- _Material for the task_
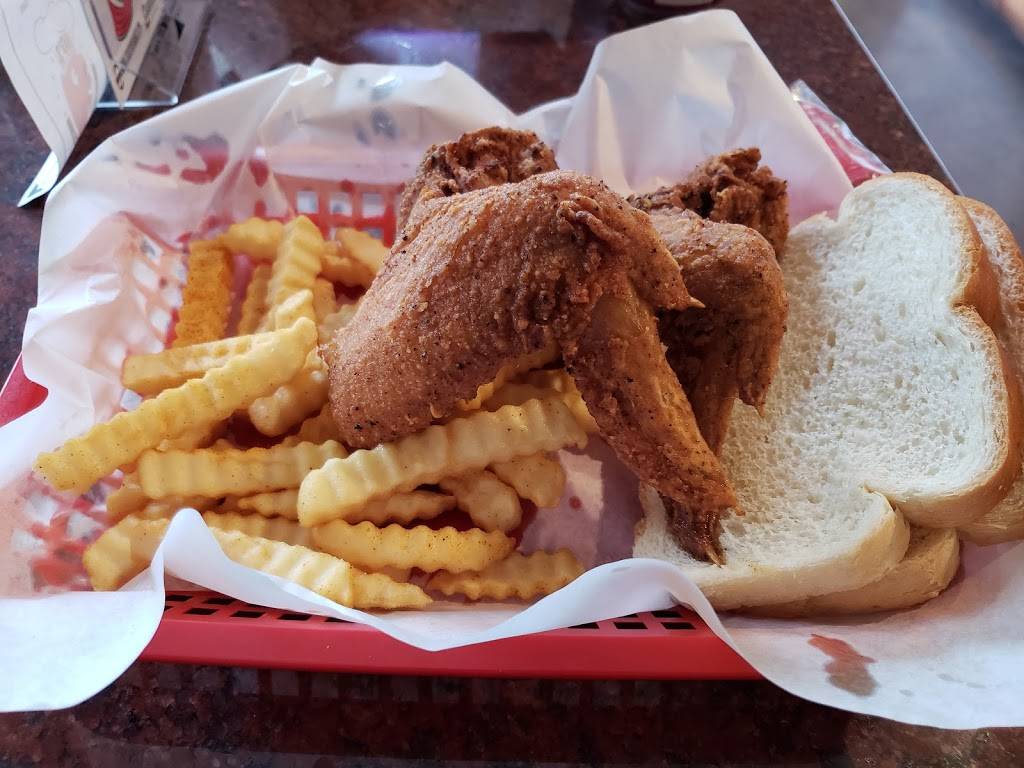 Rios Chicken & Fish | restaurant | 2349 Lakeland Dr, Dallas, TX 75228, USA | 4699178780 OR +1 469-917-8780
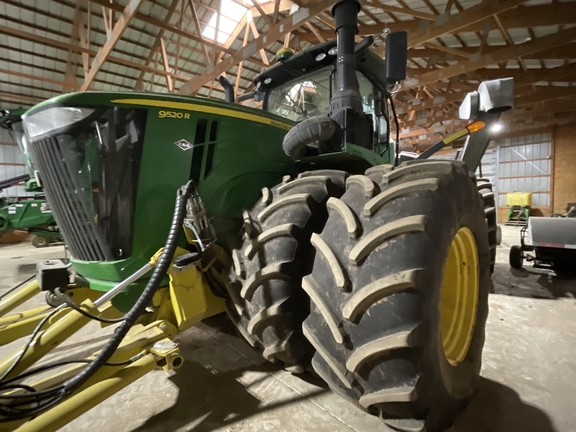 2021 John Deere 9520R Tractor 4WD
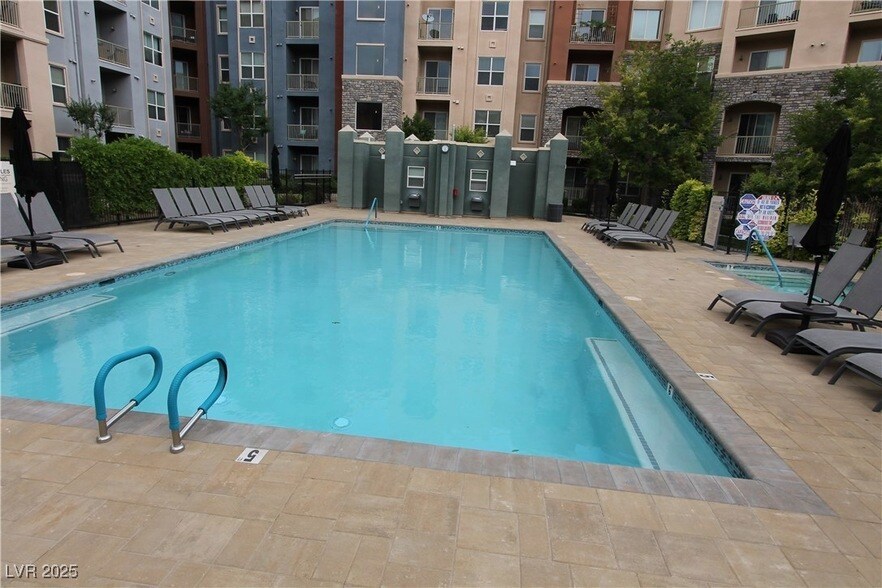 26 E Serene Ave, Unit 108 in Las Vegas, NV - Foto de edificio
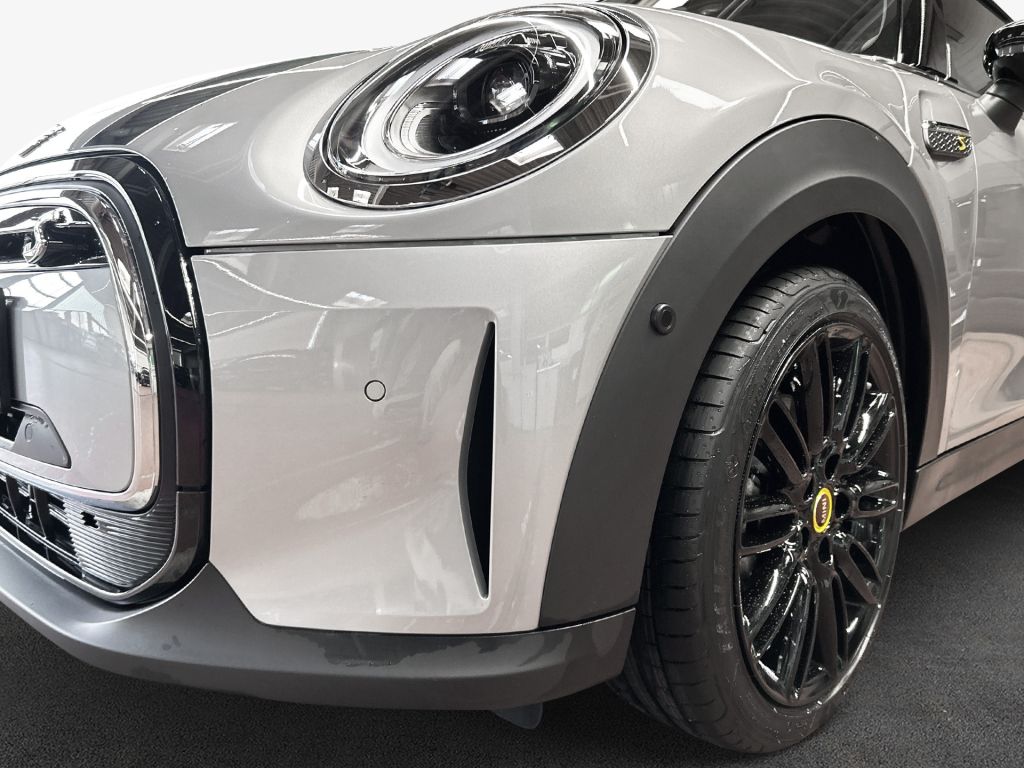 MINI Cooper SE MINI Yours Trim - Samsaru's Car Outlet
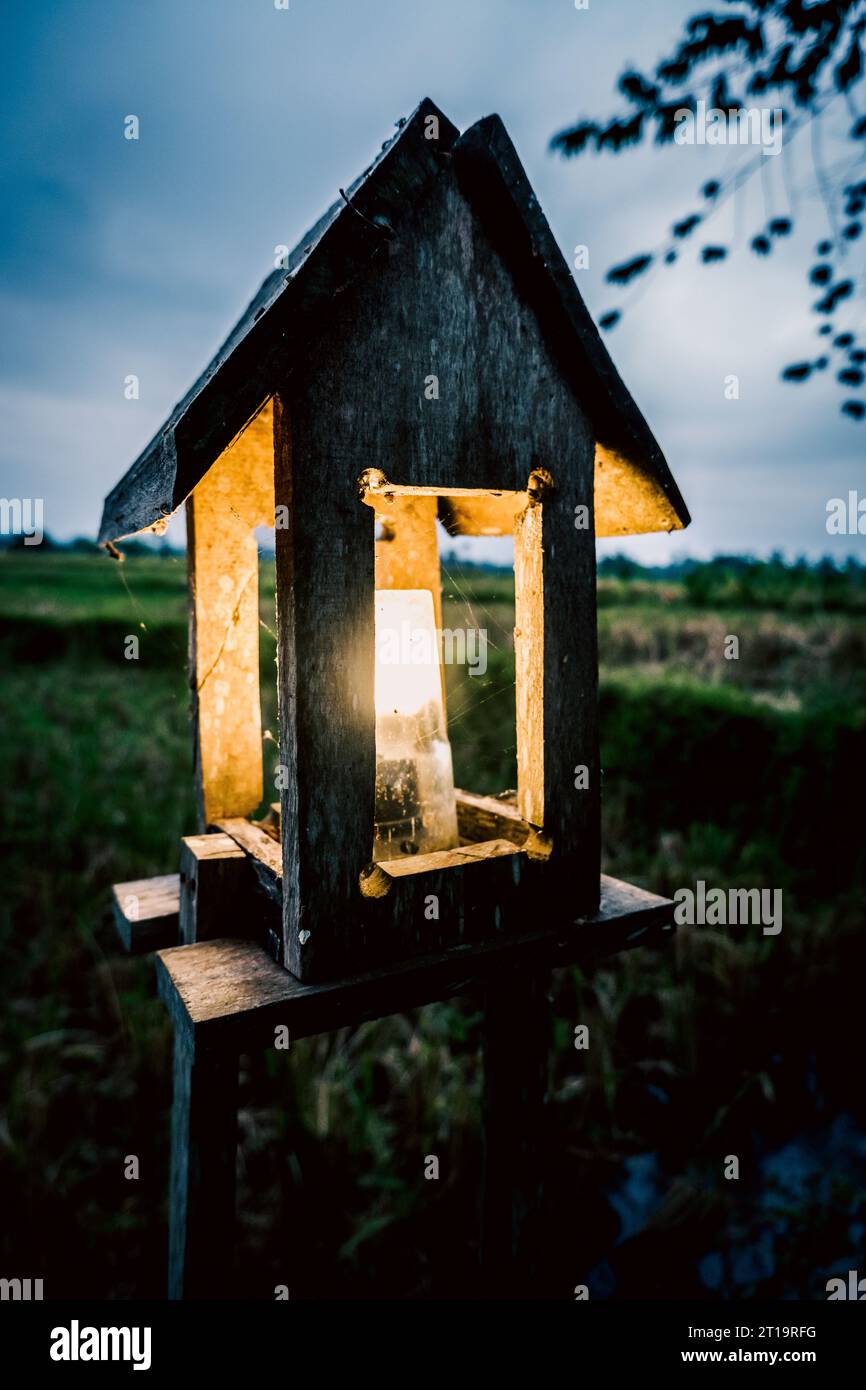 Mestieri in legno per la decorazione di lampade per esterni Foto Stock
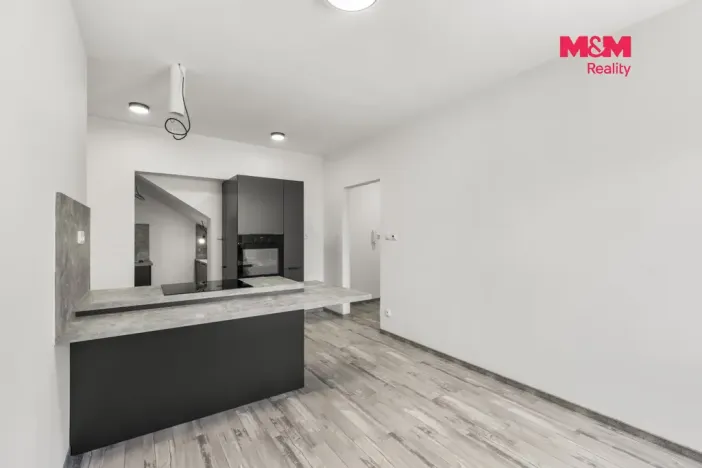 Pronájem bytu 3+kk, Heřmanův Městec, náměstí Míru, 54 m2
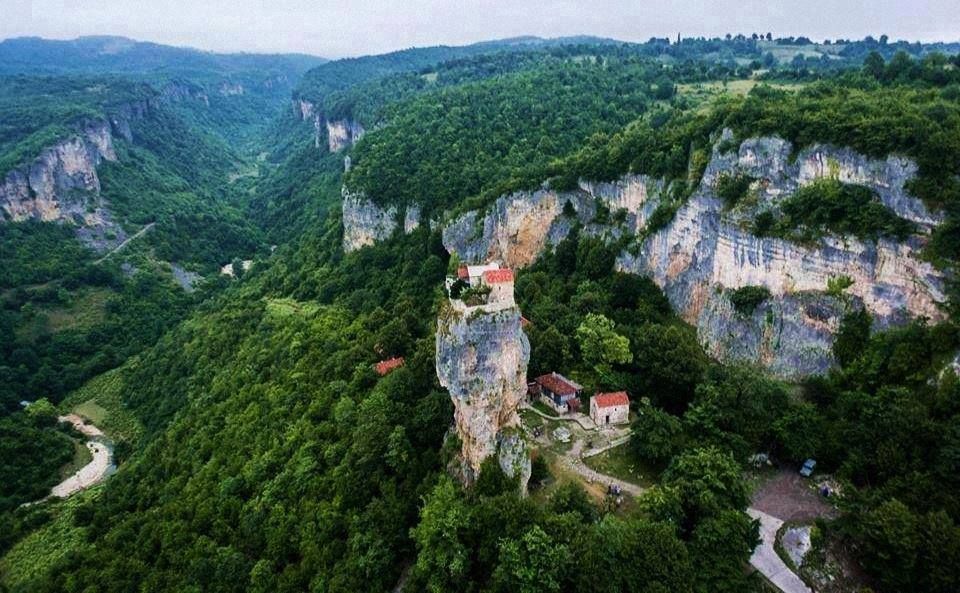 კაცხის სვეტი,მღვიმევი,სხვიტორი,სავანე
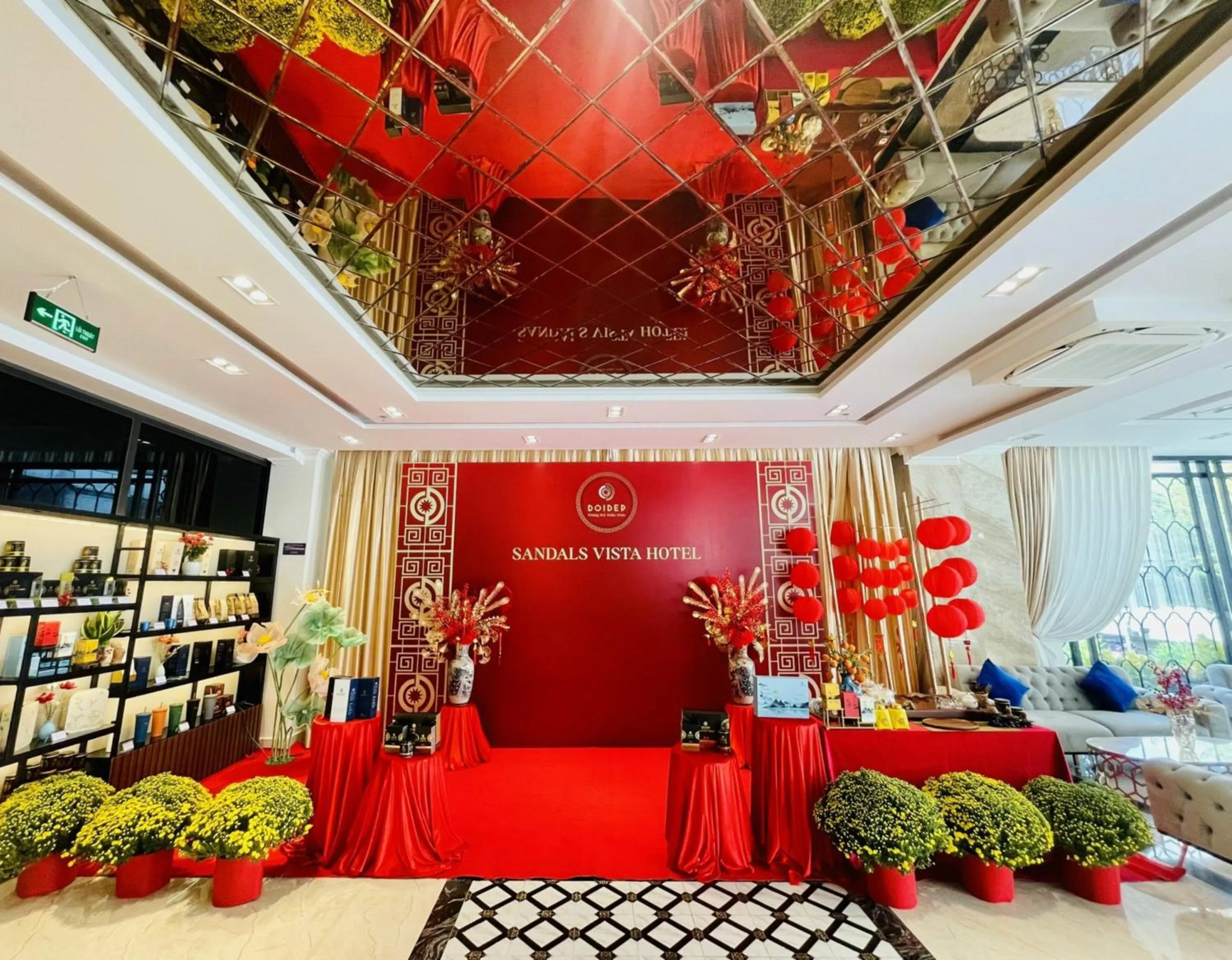 Communal lounge/ TV room in Sandals Vista Hotel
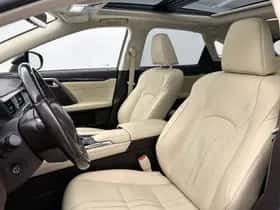Lexus RX (2018) thumbnail 16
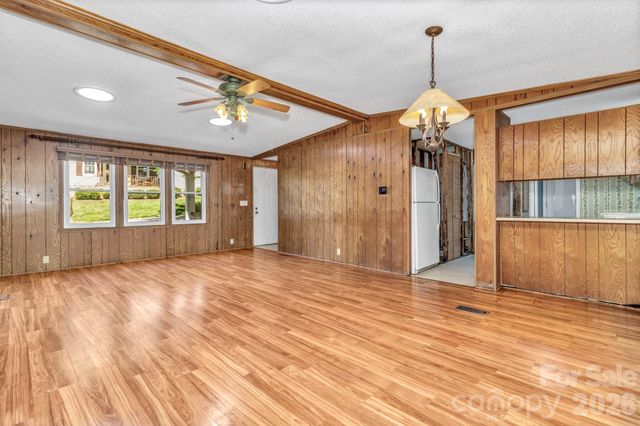 405 Deerfield Court, Hendersonville, NC 28792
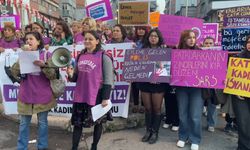 Zonguldak'ta kadınlara yönelik şiddet ve cinayetler protesto edildi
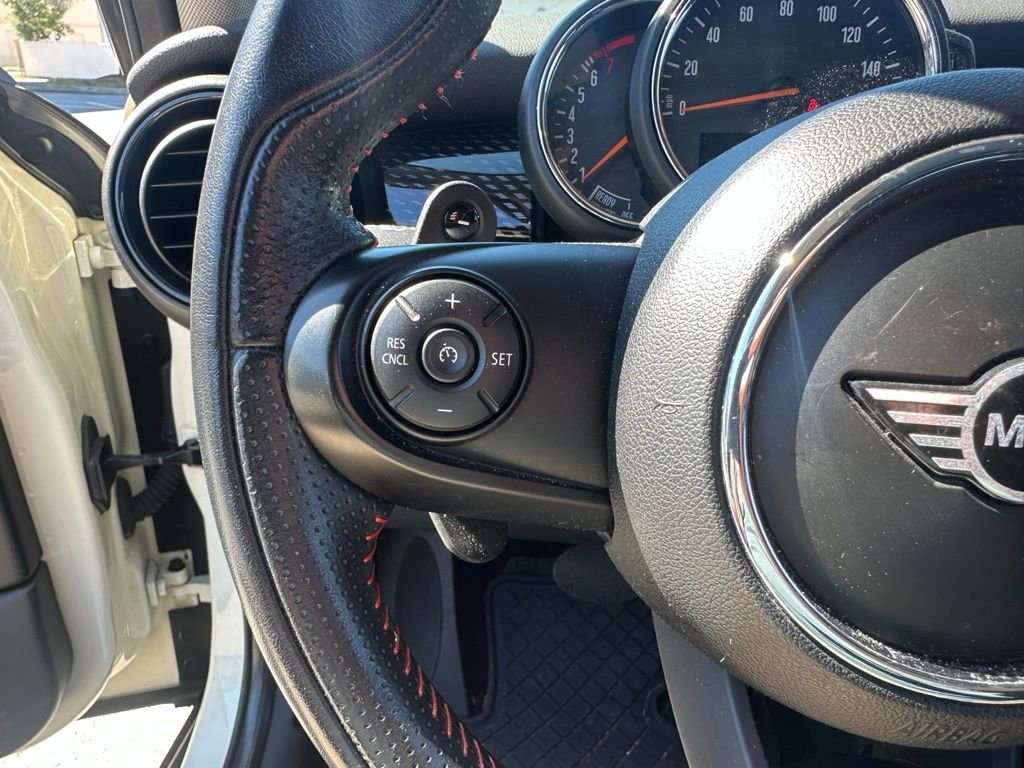 Used 2019 MINI Cooper S image 27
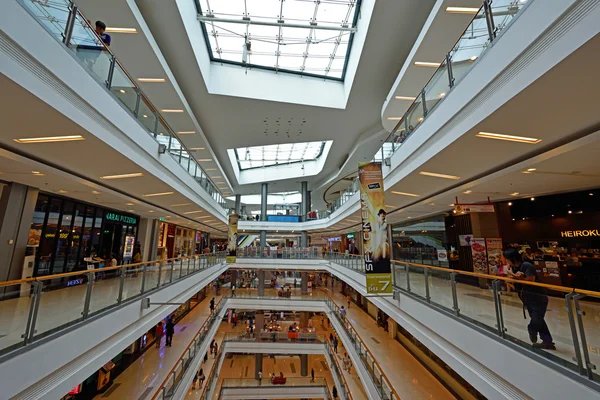 Gente de compras en Chaengwattana Central — Foto de Stock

- _Task instructions_
Repeat the entries exactly. Any picture is to be left out.

- _Answer for this exercise_
 Rios Chicken & Fish | restaurant | 2349 Lakeland Dr, Dallas, TX 75228, USA | 4699178780 OR +1 469-917-8780
 2021 John Deere 9520R Tractor 4WD
 26 E Serene Ave, Unit 108 in Las Vegas, NV - Foto de edificio
 MINI Cooper SE MINI Yours Trim - Samsaru's Car Outlet
 Mestieri in legno per la decorazione di lampade per esterni Foto Stock
 Pronájem bytu 3+kk, Heřmanův Městec, náměstí Míru, 54 m2
 კაცხის სვეტი,მღვიმევი,სხვიტორი,სავანე
 Communal lounge/ TV room in Sandals Vista Hotel
Lexus RX (2018) thumbnail 16
 405 Deerfield Court, Hendersonville, NC 28792
 Zonguldak'ta kadınlara yönelik şiddet ve cinayetler protesto edildi
 Used 2019 MINI Cooper S image 27
 Gente de compras en Chaengwattana Central — Foto de Stock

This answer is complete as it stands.